[<prev] [next>] [day] [month] [year] [list]
Message-Id: <20140212212630.E5DFB494@viggo.jf.intel.com>
Date: Wed, 12 Feb 2014 13:26:30 -0800
From: Dave Hansen <dave@...1.net>
To: linux-mm@...ck.org
Cc: linux-kernel@...r.kernel.org, Dave Hansen <dave@...1.net>,
arjan@...ux.intel.com, andi.kleen@...el.com
Subject: [RFC][PATCH] mm: ksm: add MAP_MERGEABLE mmap() as a KSM shortcut
We are starting to see substantial amounts (seconds) of latency
being incurred by users of mmap_sem in the worst case. It is
very common to see them spike up in to the tens-of-ms range. Any
acquisition, especially for write, is a potential problem.

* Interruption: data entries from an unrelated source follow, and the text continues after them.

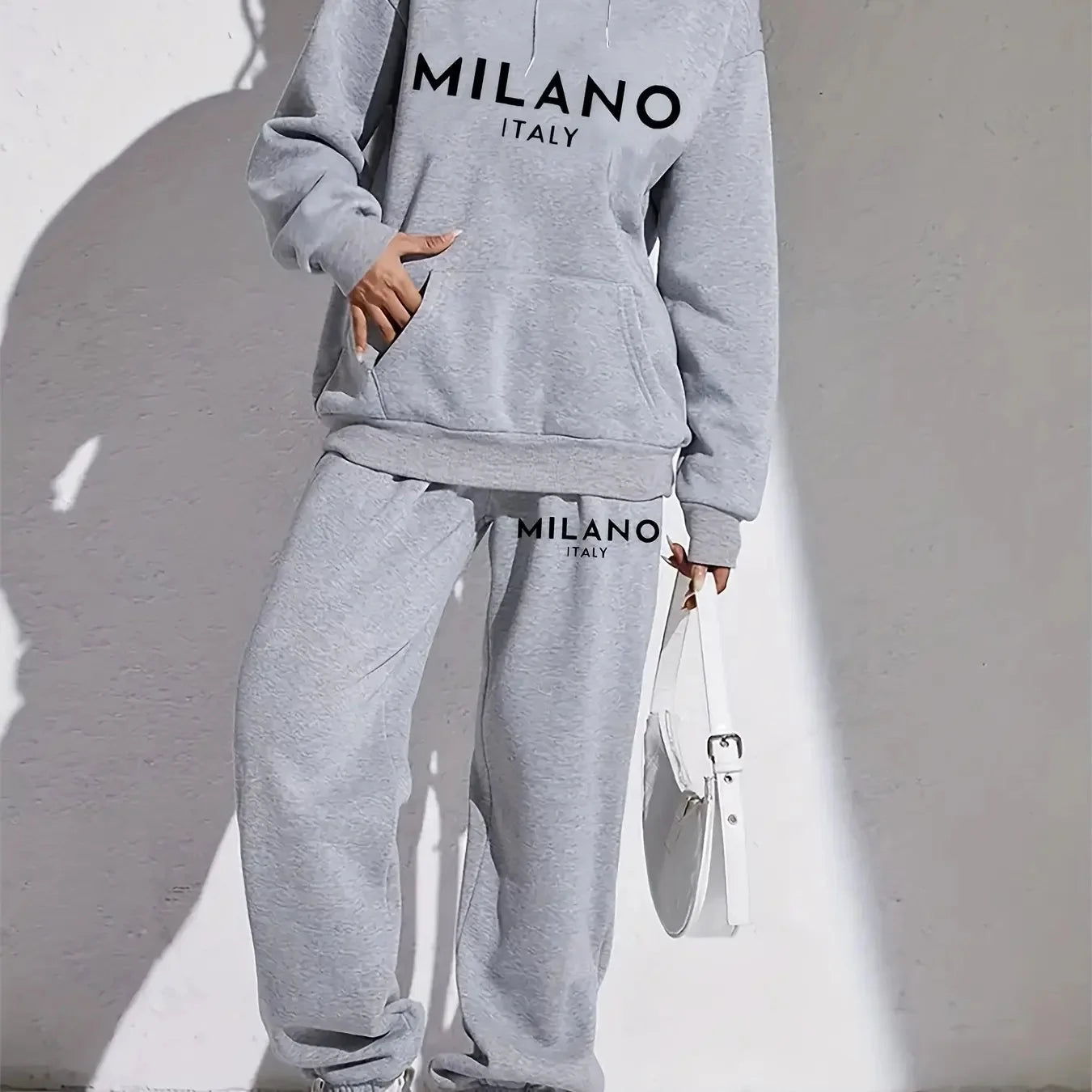 Women’s  MILANO Printed Hoodie Set | Cotton Blend Floral T-Shirt with Pocket & Full Sleeve – Comfortable Casual Outfit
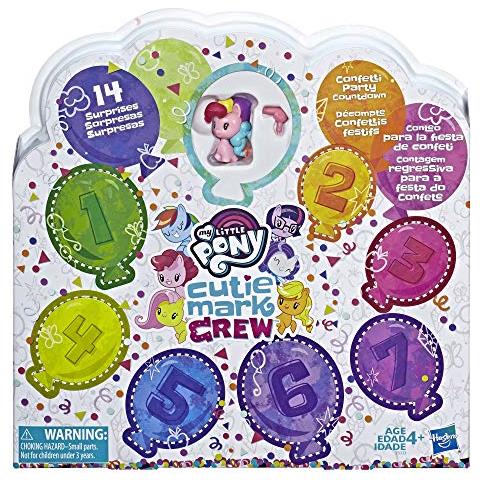 My Little Ornamenti Per My Little Pony Cutie Mark Crew Arcobaleno Mega Pack Figurine Collezionabili Multicolore E5323eu4 - Foto 1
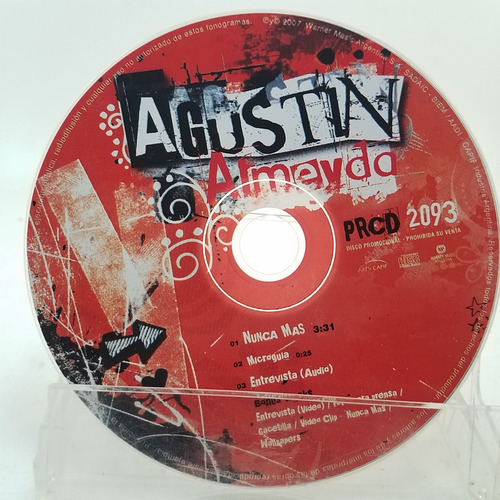 Agustin Almeyda - Nunca Mas - Entrevista Cd Single - Ex 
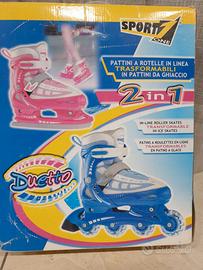 Pattini - Ruote e Lame - Allungabili - NUOVI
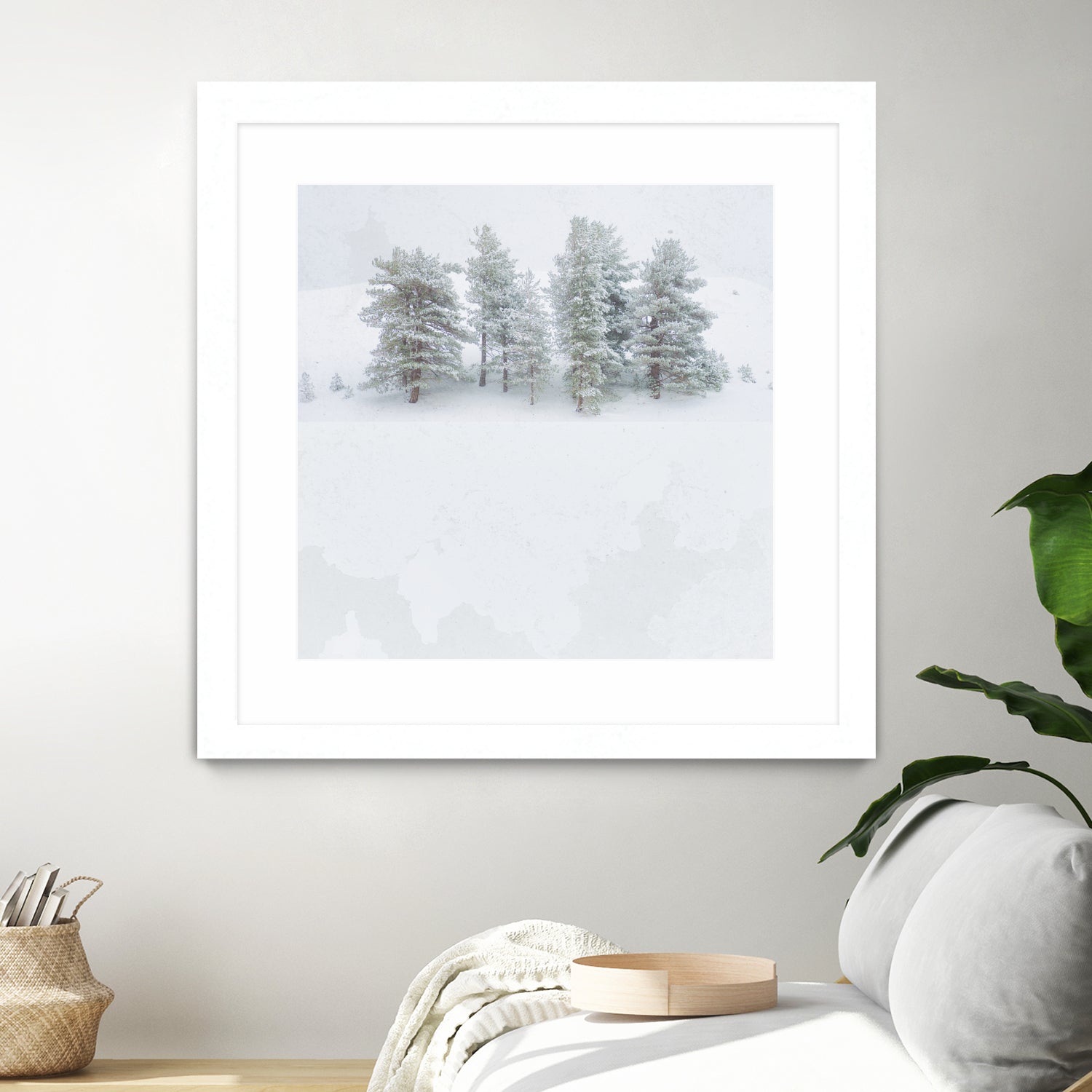 Pines by Antonio Zimbone on GIANT ART - white photo illustration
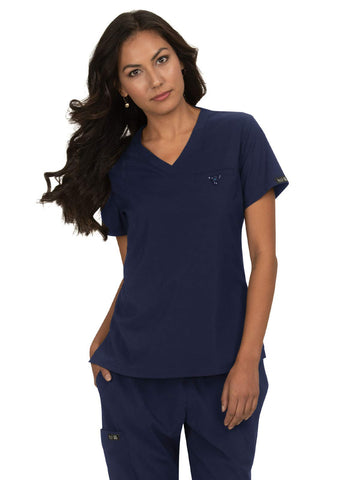 KOI Basics 1011 Women's Kade Scrub Top Navy S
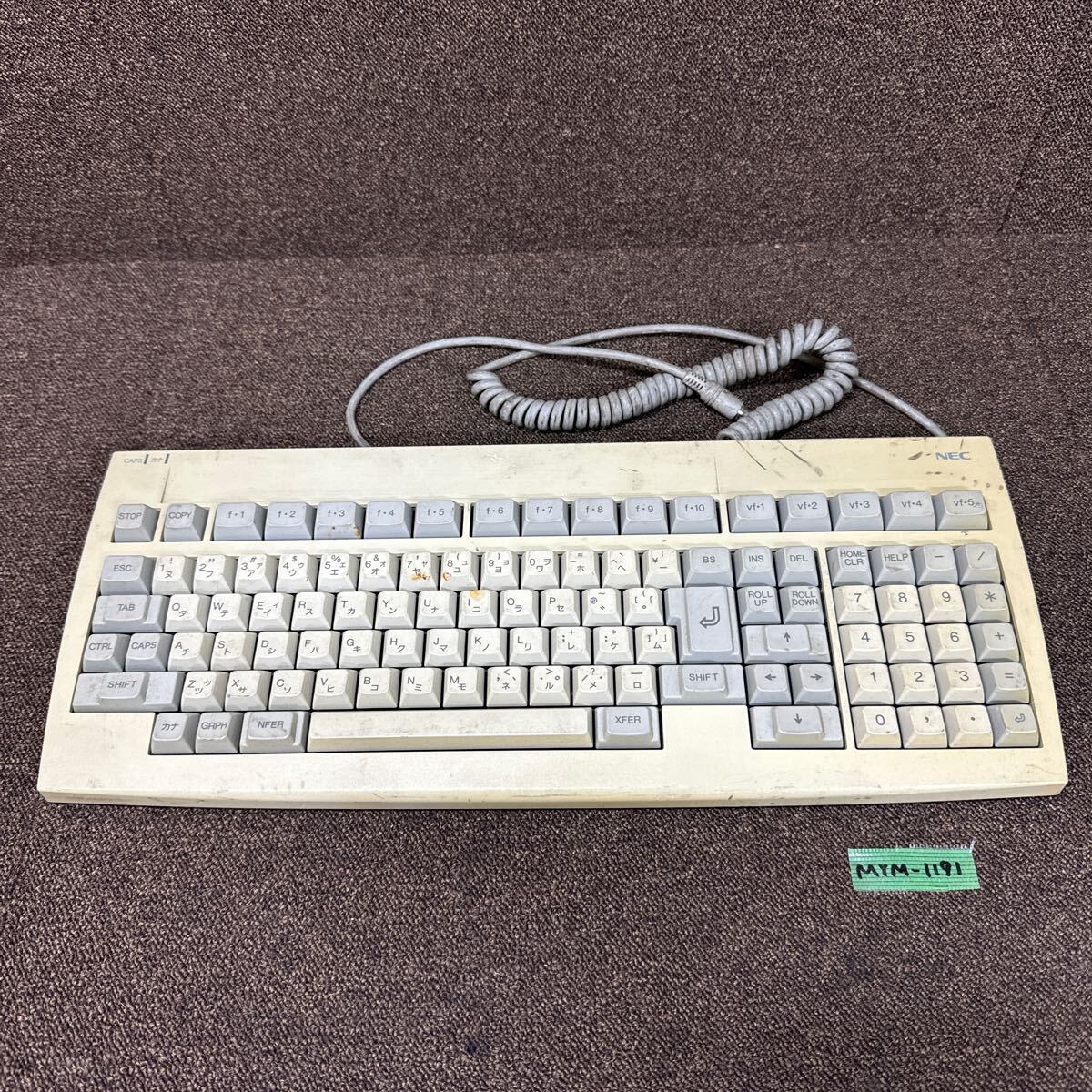 MYM-1191 супер-скидка retro клавиатура NEC CMP-6A0V7 работоспособность не проверялась Junk 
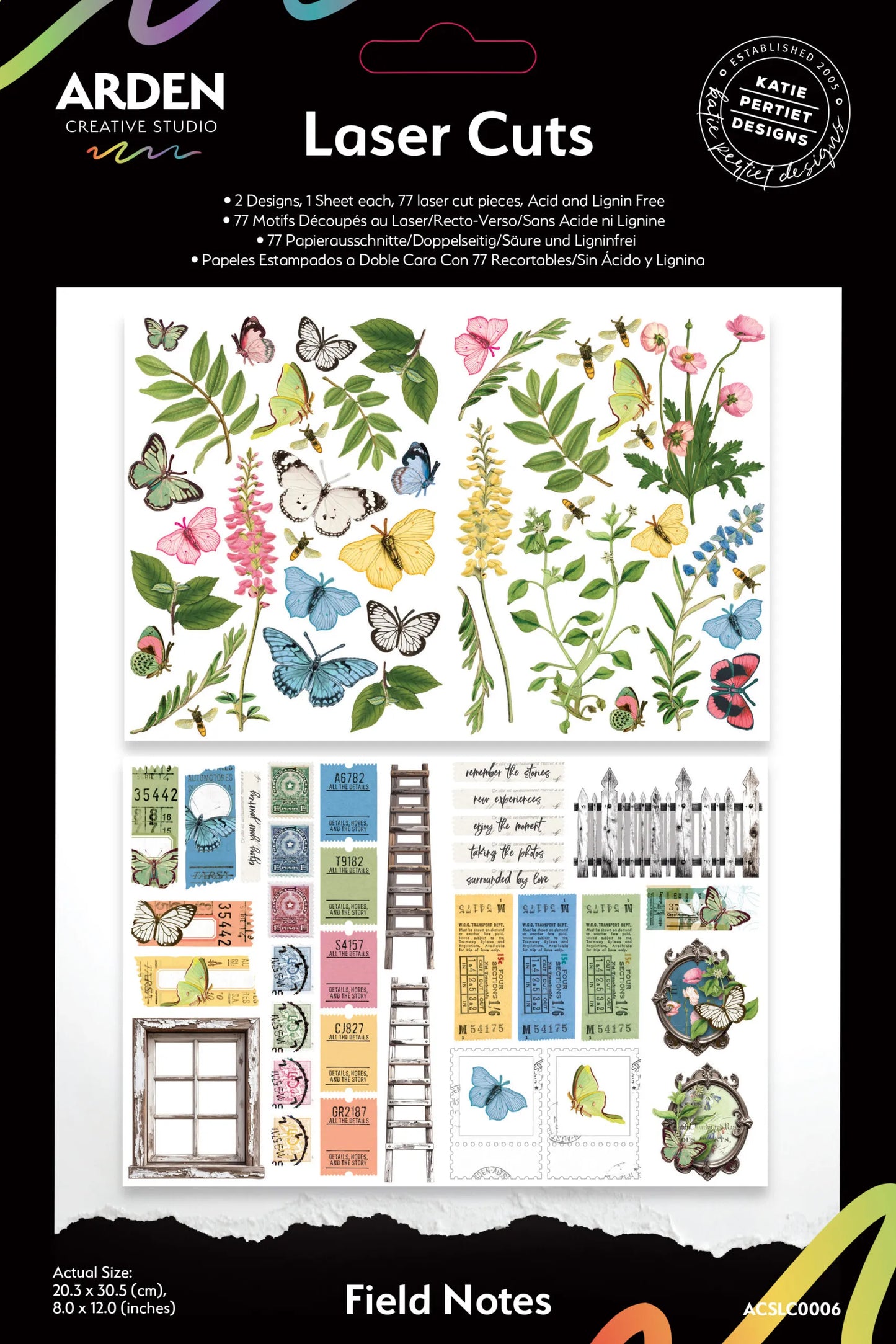 Arden Creative Studio - Field Notes - Laser Cuts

The aggravating factor here is that we have been encouraging
folks to be "polite" to the VM and do things like: call
MADV_DONTNEED, unmap when you're done using things, and use KSM.
All of these things take mmap_sem(). JVMs are starting to put
nuggets like this in their generic malloc() functions:
addr = mmap(foo_bytes, ...);
madvise(MADV_MERGABLE, addr, foo_bytes);
That means that every single malloc() call does at _least_ two
write acquisitions of mmap_sem. We can try to batch these things
in userspace more, of course, but this is becoming a very common
pattern. We should allow a shortcut.
I'm a little concerned that we might be in the middle of
constructing the VMA when we make the decision to set
VM_MERGEABLE and miss one of the "bad" flags. I've sprinkled a
few VM_BUG_ON()s to watch out for any cases where we've missed
something. I turned this on for _every_ VMA to test it, and it
hasn't blown up yet.
There are probably some other ways to do this. We could have
prctl, or some kind of boot option, or even something analogous
to the transparent-huge-page 'always' option (as opposed to
madvise()). We could even extend madvise() for this kind of
thing. We could allow MADV_MERGEABLE to be specified for
unmapped areas in _advance_ for when brk() or mmap() is called
on them.
Applying transactional memory to mmap_sem would probably also
help out here a lot.
Cc: arjan@...ux.intel.com
Cc: Andi Kleen <andi.kleen@...el.com>
---
b/Documentation/vm/ksm.txt | 5 +++-
b/include/linux/ksm.h | 13 +++++++++++
b/include/uapi/asm-generic/mman.h | 1
b/mm/ksm.c | 43 +++++++++++++++++++++++---------------
b/mm/mmap.c | 13 +++++++++++
5 files changed, 58 insertions(+), 17 deletions(-)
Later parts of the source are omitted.